◆ **Supplied material**:
##############################

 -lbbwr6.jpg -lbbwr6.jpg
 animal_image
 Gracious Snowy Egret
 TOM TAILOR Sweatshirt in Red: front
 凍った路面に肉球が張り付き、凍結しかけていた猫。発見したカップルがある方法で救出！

##############################

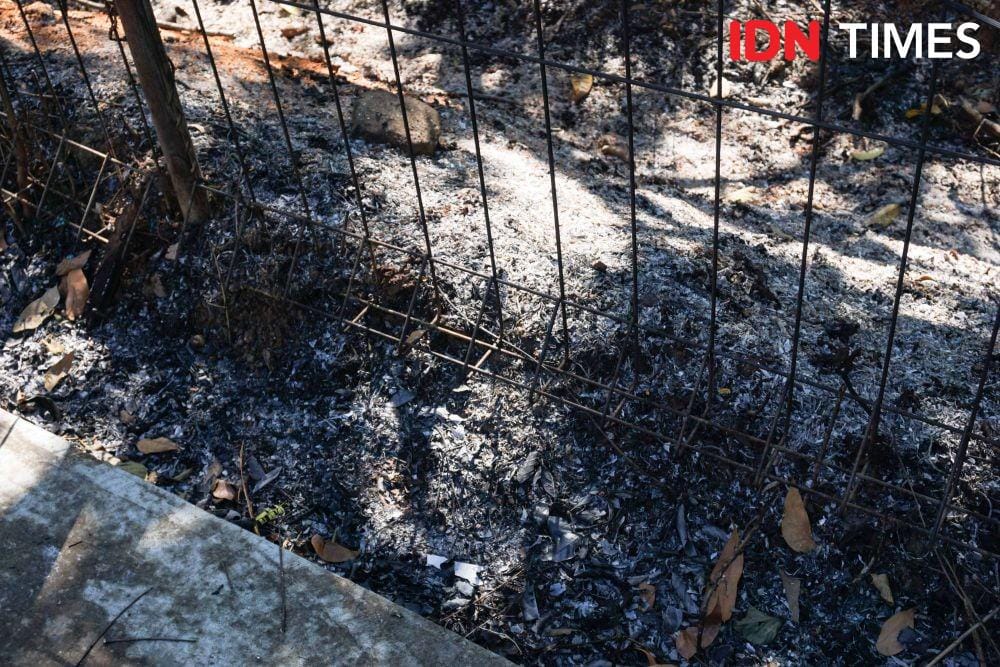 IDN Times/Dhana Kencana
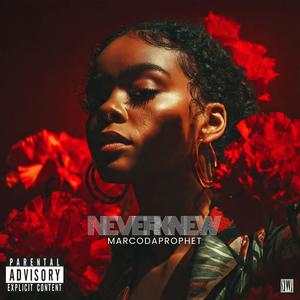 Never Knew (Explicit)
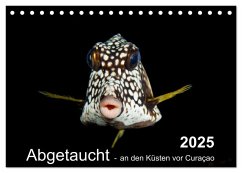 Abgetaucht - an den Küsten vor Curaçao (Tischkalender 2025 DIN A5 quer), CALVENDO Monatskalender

##############################

◆ **Problem to work on**: Using the records above, set down exactly the lines from the one with "Gracious Snowy Egret" through the one with "凍った路面に肉球が張り付き、", inclusive, and nothing more.

◆ **Task result**:
 Gracious Snowy Egret
 TOM TAILOR Sweatshirt in Red: front
 凍った路面に肉球が張り付き、凍結しかけていた猫。発見したカップルがある方法で救出！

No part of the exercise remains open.